Venez, approchez un peu que je vous plante le décor de ce lieu coupé de tout, aux confins des quarantièmes rugissants, au bout du bout du monde ! Destination : l'archipel des Kerguelen… ! C'est parti !
C'est une terre sans cesse battue par les vents, la pluie et le froid, à côté la Bretagne finirait par ressembler au Luberon. Autrefois on surnommait cet archipel les îles de la Désolation, c'est vous dire… La légende dit qu'un certain Yves Joseph de Kerguelen le navigateur breton qui découvrit cette terre redoutable le 12 février 1772, approchant de ses côtes en fut si dépité qu'il ne voulut jamais y poser le pied, le bougre. Sans doute cherchait-il un eldorado plus accueillant.
C'est une terre inhabitée ou presque, seule une poignée d'hommes, des scientifiques pour l'essentiel se relaient ici sur des missions courtes de six à douze mois, concentrés dans un coin de l'île formant leur base, Port-aux-Français…
Le reste des habitants, c'est le peuple des oiseaux par millions, des rennes, des otaries, des éléphants de mer et leurs bonbons… Oui des bonbons… Je sais qu'à l'approche de Pâques, cela vous offre des images suaves et délicieuses… À Kerguelen, on appelle « bonbons » les jeunes éléphants de mer nouvellement sevrés. Cette désignation se réfère à leur silhouette rappelant la forme d'une friandise emballée dans son papier : un corps bien gras au sevrage, duquel dépassent leurs nageoires. Cela dit, week-end Pascal ou pas, je vous déconseille de vous en approcher pour tenter de défaire l'emballage…
C'est un territoire de basalte et de granit, âpre, hostile, vertical, percuté par les coups de boutoirs de l'océan et des tempêtes, avec tout autour un horizon saturé d'embruns.
À Kerguelen, ce n'est pas le vent qui est, Kerguelen est le vent.
Mais quelle mouche a donc piqué l'écrivain et haut fonctionnaire français François Garde de vouloir s'embarquer en novembre 2015 pour trois semaines de traversée à pied sur ce morceau de terre outremer ?
C'est un rêve que François Garde cultive depuis qu'il a travaillé dans la région, lorsqu'il était administrateur supérieur des Terres australes et antarctiques françaises, qu'on appelle communément les TAAF, se désignant lui-même avec tendresse et ironie comme " vice-roi des albatros ". Et dès lors qu'il fut en retraite, n'ayant plus besoin d'aller au taf, l'idée lui vint de s'offrir une petite balade sur ce coin d'archipel qui l'a toujours fasciné.

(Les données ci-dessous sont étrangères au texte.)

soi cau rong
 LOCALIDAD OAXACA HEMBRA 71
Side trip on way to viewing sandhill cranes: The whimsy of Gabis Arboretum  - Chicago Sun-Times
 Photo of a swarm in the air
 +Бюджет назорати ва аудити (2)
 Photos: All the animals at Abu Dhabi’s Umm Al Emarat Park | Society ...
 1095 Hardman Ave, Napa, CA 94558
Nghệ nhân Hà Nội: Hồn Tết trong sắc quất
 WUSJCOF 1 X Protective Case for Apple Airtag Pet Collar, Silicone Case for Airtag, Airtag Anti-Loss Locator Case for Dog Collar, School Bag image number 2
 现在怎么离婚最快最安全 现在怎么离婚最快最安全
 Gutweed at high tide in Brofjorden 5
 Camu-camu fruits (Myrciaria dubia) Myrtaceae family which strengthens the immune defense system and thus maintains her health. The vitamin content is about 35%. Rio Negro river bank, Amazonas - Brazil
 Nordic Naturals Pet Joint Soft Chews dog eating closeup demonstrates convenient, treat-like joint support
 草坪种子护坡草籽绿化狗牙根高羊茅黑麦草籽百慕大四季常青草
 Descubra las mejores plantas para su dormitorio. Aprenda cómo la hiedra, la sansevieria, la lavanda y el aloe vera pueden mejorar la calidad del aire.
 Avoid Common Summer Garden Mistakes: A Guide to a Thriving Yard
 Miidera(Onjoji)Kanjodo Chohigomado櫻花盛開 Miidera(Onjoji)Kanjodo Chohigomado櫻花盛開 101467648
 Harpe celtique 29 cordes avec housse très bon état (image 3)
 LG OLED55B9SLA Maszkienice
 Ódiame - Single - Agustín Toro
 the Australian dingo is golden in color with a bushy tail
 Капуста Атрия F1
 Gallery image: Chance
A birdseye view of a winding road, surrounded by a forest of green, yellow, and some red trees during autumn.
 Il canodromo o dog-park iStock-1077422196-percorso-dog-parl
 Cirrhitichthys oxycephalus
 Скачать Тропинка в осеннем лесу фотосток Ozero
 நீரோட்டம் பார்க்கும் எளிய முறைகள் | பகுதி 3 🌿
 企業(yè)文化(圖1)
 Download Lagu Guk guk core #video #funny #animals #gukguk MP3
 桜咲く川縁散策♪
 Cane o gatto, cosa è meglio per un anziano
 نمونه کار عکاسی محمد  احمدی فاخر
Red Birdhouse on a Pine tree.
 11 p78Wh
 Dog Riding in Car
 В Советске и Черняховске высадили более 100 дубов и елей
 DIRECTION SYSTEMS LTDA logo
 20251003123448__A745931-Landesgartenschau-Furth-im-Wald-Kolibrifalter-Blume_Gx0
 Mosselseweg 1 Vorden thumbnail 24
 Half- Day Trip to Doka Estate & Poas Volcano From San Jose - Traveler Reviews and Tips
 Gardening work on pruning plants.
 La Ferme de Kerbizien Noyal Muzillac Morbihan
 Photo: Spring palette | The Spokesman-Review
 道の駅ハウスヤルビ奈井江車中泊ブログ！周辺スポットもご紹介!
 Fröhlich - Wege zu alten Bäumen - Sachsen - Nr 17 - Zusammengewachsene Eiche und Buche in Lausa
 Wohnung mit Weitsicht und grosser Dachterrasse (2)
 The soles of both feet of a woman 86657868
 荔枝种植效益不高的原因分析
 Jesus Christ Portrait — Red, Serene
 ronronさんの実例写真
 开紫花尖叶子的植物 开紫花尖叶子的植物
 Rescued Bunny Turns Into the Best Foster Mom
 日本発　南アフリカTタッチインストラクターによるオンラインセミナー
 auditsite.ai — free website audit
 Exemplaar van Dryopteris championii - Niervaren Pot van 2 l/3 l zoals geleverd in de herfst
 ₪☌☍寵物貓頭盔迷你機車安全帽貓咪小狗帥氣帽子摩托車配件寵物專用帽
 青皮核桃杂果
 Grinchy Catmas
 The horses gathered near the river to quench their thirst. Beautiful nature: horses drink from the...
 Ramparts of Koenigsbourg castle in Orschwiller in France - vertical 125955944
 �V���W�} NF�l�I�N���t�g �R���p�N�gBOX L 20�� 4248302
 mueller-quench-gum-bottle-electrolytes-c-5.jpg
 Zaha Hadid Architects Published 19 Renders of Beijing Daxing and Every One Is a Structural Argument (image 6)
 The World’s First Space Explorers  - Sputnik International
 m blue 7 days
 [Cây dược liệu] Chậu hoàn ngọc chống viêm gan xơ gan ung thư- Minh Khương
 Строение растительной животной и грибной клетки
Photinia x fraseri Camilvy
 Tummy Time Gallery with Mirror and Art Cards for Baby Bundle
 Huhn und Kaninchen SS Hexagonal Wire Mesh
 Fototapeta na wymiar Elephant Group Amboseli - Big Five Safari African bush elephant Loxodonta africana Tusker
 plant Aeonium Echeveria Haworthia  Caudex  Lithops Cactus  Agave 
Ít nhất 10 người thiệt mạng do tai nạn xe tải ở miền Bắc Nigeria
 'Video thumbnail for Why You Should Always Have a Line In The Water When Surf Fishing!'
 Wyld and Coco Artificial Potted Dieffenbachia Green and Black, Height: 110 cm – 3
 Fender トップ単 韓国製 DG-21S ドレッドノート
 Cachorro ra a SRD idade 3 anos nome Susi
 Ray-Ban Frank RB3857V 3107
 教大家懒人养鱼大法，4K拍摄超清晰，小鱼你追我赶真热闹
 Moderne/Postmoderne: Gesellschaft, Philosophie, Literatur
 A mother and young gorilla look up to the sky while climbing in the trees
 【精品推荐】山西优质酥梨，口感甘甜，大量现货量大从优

Cela dit, il n'était pas seul. Trois compagnons chevronnés dans les odyssées extrêmes l'ont accompagné dans cette traversée intégrale de l'île principale de Kerguelen durant vingt-cinq jours, de Nord en Sud, à pied et en autonomie totale.
Marcher à Kerguelen, c'est être emporté dans un voyage minéral.
Dans une écriture poétique, François Garde nous délivre ce récit prenant sous la forme d'un journal de vingt-cinq étapes…
Mais en quoi ce journal peut-il se distinguer de tant d'autres récit de voyage convoquant l'intime se frottant aux extrêmes.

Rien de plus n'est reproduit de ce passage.